- _What this task involves_: Please copy every line below that contains the string "Group".

╭──

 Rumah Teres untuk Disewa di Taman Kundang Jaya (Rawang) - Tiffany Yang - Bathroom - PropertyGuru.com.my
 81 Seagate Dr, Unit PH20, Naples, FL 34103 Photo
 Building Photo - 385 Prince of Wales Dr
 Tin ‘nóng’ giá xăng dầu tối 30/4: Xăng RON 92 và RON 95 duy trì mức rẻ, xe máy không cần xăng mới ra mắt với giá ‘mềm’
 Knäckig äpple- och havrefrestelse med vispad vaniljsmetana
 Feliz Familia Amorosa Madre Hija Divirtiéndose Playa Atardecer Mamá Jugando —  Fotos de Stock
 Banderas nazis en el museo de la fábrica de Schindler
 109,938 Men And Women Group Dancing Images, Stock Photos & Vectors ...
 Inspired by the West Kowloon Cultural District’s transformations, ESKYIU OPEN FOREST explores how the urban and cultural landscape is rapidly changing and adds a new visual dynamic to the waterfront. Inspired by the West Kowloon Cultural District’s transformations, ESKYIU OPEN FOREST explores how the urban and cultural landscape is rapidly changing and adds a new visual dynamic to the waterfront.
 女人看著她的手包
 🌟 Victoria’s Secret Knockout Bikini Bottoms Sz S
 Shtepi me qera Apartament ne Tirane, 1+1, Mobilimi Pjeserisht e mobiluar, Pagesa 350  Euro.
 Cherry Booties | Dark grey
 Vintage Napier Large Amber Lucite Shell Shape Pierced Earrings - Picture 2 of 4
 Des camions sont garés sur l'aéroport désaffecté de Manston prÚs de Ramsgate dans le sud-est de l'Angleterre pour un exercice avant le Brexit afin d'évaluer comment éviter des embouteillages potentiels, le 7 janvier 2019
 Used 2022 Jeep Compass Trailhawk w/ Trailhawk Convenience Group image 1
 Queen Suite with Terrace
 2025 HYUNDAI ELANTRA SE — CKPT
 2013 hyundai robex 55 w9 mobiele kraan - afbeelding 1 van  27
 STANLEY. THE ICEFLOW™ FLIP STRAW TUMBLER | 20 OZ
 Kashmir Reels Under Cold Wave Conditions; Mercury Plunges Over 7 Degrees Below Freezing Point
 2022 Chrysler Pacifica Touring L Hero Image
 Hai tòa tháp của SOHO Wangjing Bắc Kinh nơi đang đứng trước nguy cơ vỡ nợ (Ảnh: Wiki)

╰──

- _Output of the exercise_:
 109,938 Men And Women Group Dancing Images, Stock Photos & Vectors ...
 Used 2022 Jeep Compass Trailhawk w/ Trailhawk Convenience Group image 1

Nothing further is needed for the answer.